Understanding textured regions can be very complex, but is sometimes necessary for proper separation of foreground and background.
Solving for texture patterns is very helpful in segmentation and MRC based coding. Effective compression of scanned documents, and reliable OCR output, require accurate background foreground discrimination. When lifting the foreground in segmentation or MRC coding, the original background pattern, or some facsimile thereof, must be reconstituted. There are several ways to do this, which include building up a Markov model of the original texture and using this statistical model to regenerate the background regions that need to be covered. Alternatively, one can find a tessellation element and replace the lifted text region with a “pure” background region.
Small Fonts & OCR
One of the problem areas in reliable OCR and data extraction is small fonts. When the fonts are large enough, almost any threshold will preserve the topology and geometry of the underlying font characters. When the font size gets small, it is hard to find a good threshold such that readability of the text regions are preserved. It is important to identify small font regions before thresholding, rather than after. Depending on the font size, there are different recommended methods for converting the greyscale or color text region into bitonal prior to OCRing the region.
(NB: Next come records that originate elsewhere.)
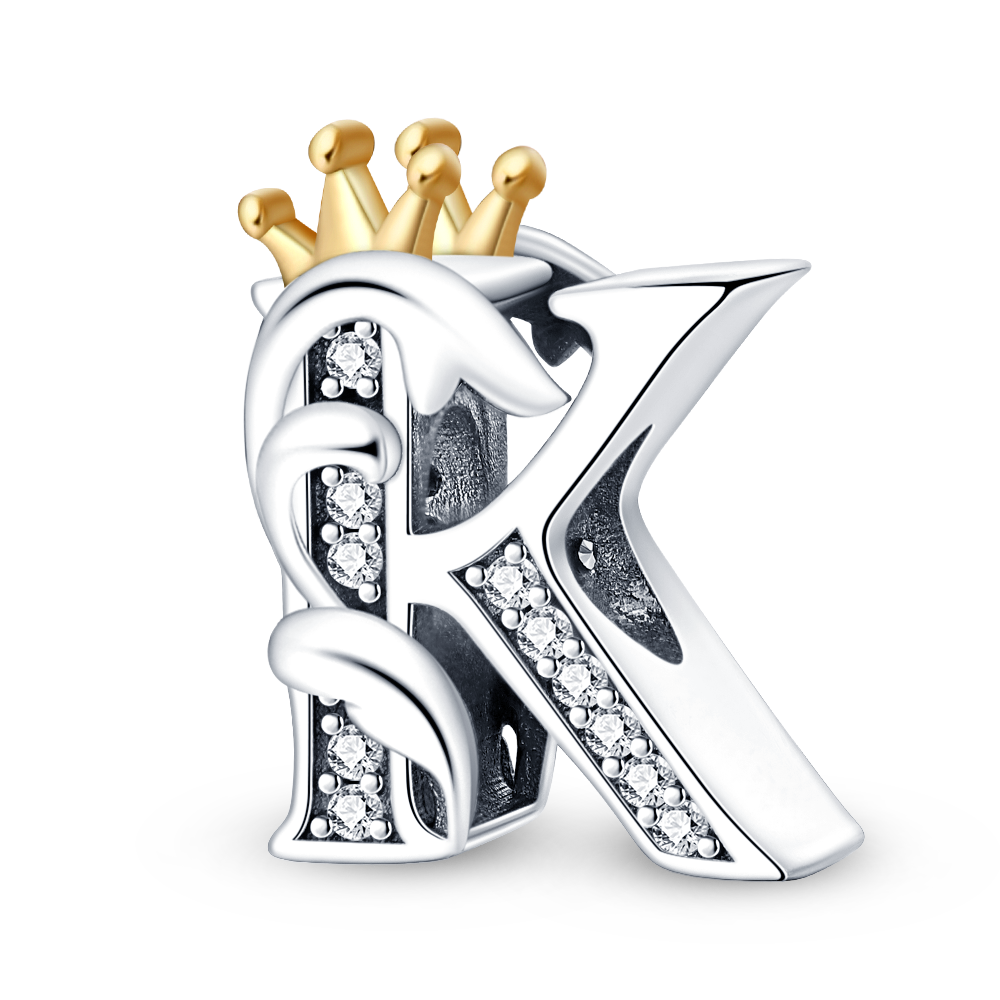 925 Sterling Silver Letters Alphabet Crown Charms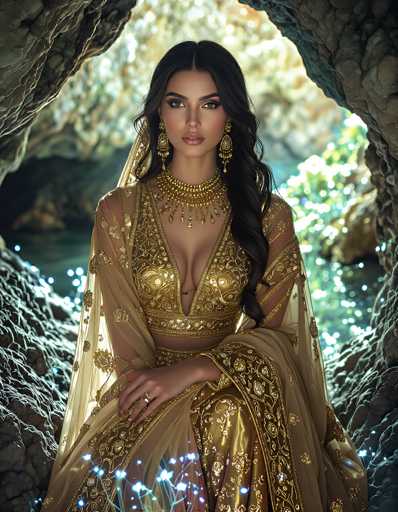 The image depicts a young woman, possibly of Indian or Middle Eastern descent, seated gracefully in a cave. She has long, dark brown hair that cascades over her left shoulder, and her complexion is a warm tan. Her attire is a stunning, intricately designed gold dress adorned with floral patterns and delicate lace details. The dress features a low-cut top that reveals a hint of cleavage, and a flowing skirt that extends to the floor. She accessorizes with large, ornate gold earrings and a matching choker necklace, both embellished with intricate designs. Her makeup is elegantly applied, with pink lipstick and carefully manicured eyebrows. The cave setting is dimly lit, with sunlight streaming in from the top, creating a serene and mystical atmosphere. The woman's pose is poised and serene, with her left hand resting on her right knee, and she gazes directly at the camera, exuding a sense of calm and confidence.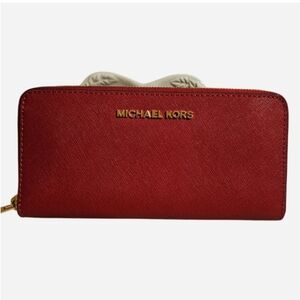 Michael Kors Red Leather Zip Wallet - Like NEW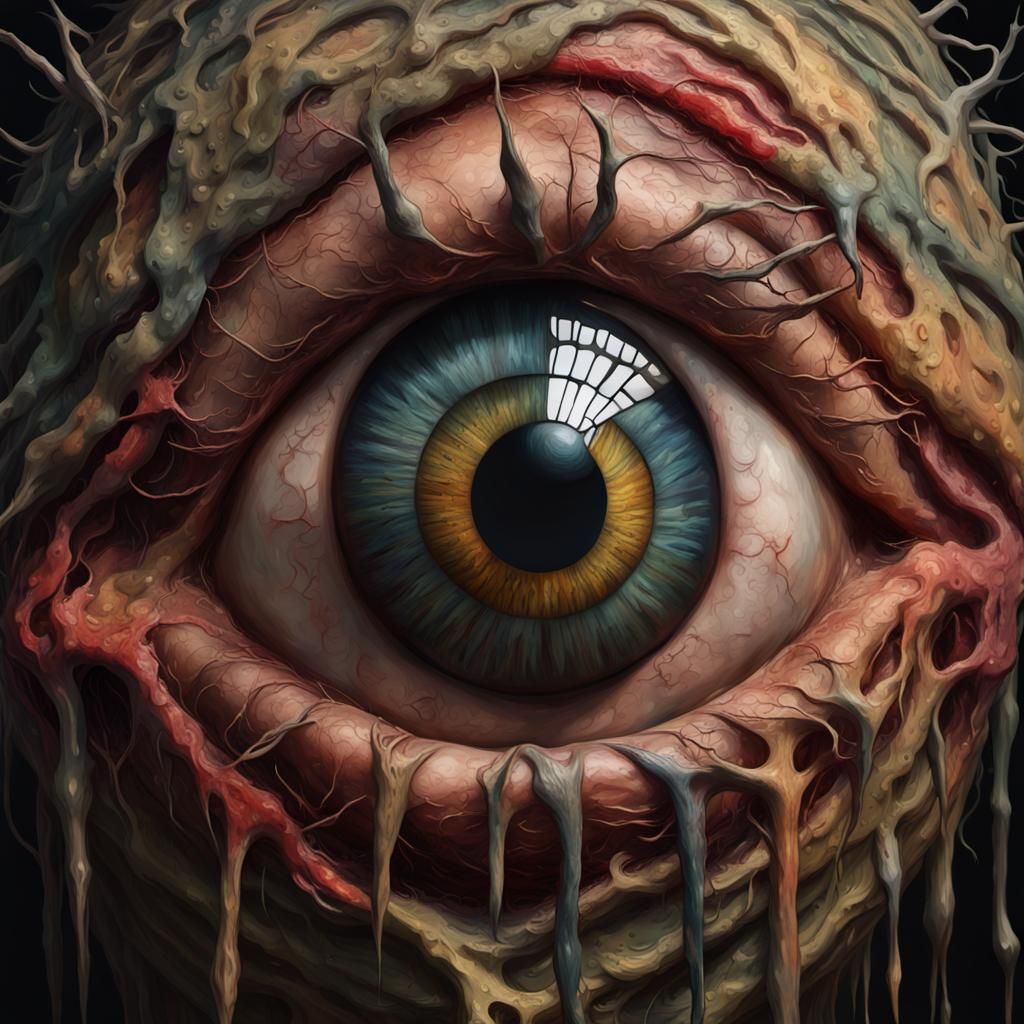Grotesque Eyeball Head in Gothic Impressionist Style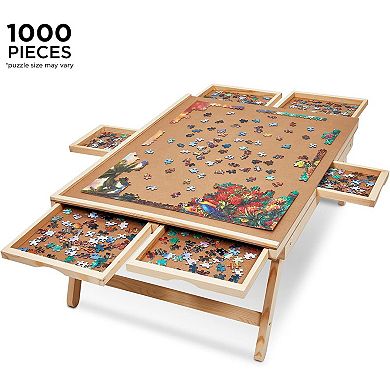 SkyMall 1000 Piece Puzzle Board & Mat, 23” x 31” Wooden Jigsaw Puzzle Table W/Legs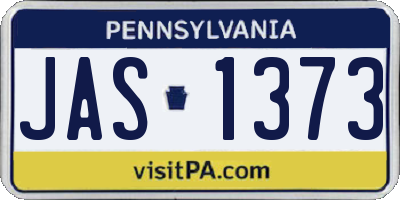 PA license plate JAS1373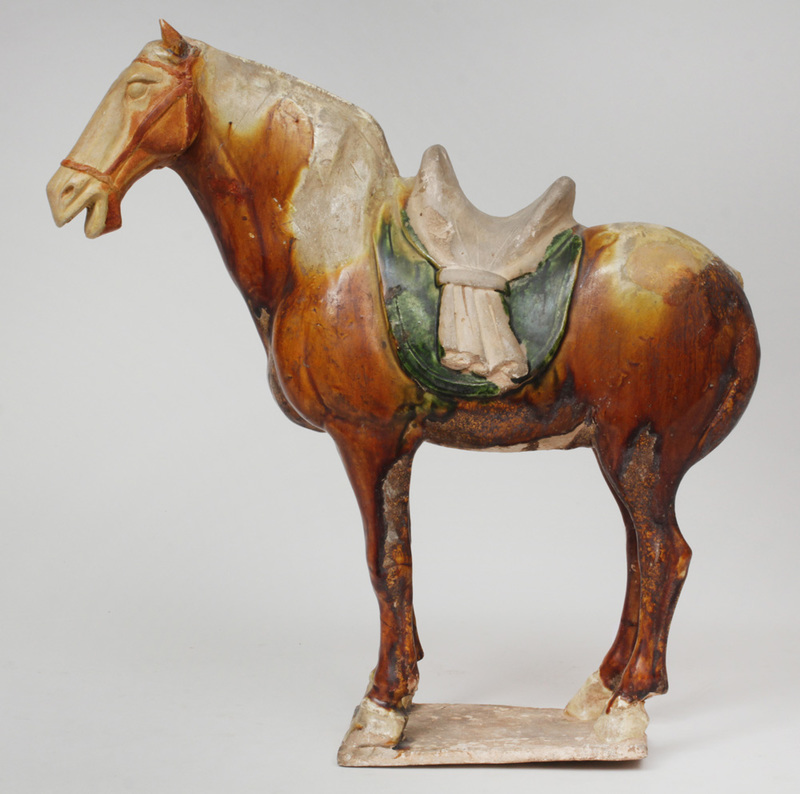 Tang Style Sancai-Glazed Pottery Figure of a Saddled Horse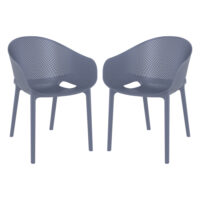 Shipley Outdoor Dark Grey Stacking Armchairs In Pair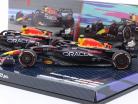 2-Car Set Verstappen #1 & Perez #11 Winner Bahrain & Saudi Arabia GP Formula 1 2023 1:43 Minichamps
Certain font sizes (e.g., font size 10, 300 dpi scan) will still support a semi-static region threshold and preserve topology. It is also important that, to some extent, geometric properties of the characters be preserved as well. We do need to recognize these characters in an OCR sense, and maybe allow for JBIG2 style font matching. So for certain font sizes and text region backgrounds, a semi-static threshold will do. If the background has a lot of texture, then even though the font size is reasonably large, some preprocessing (before thresholding) may be necessary. For very small fonts, that fall below the Nyquist sampling rate, standard thresholding is not adequate. These fonts must be handled very carefully or readability will be lost. These small font text regions can either be given directly to the OCR engine or upsampled to a higher resolution space and then thresholded. It might be preferable to sharpen the greyscale text region before thresholding.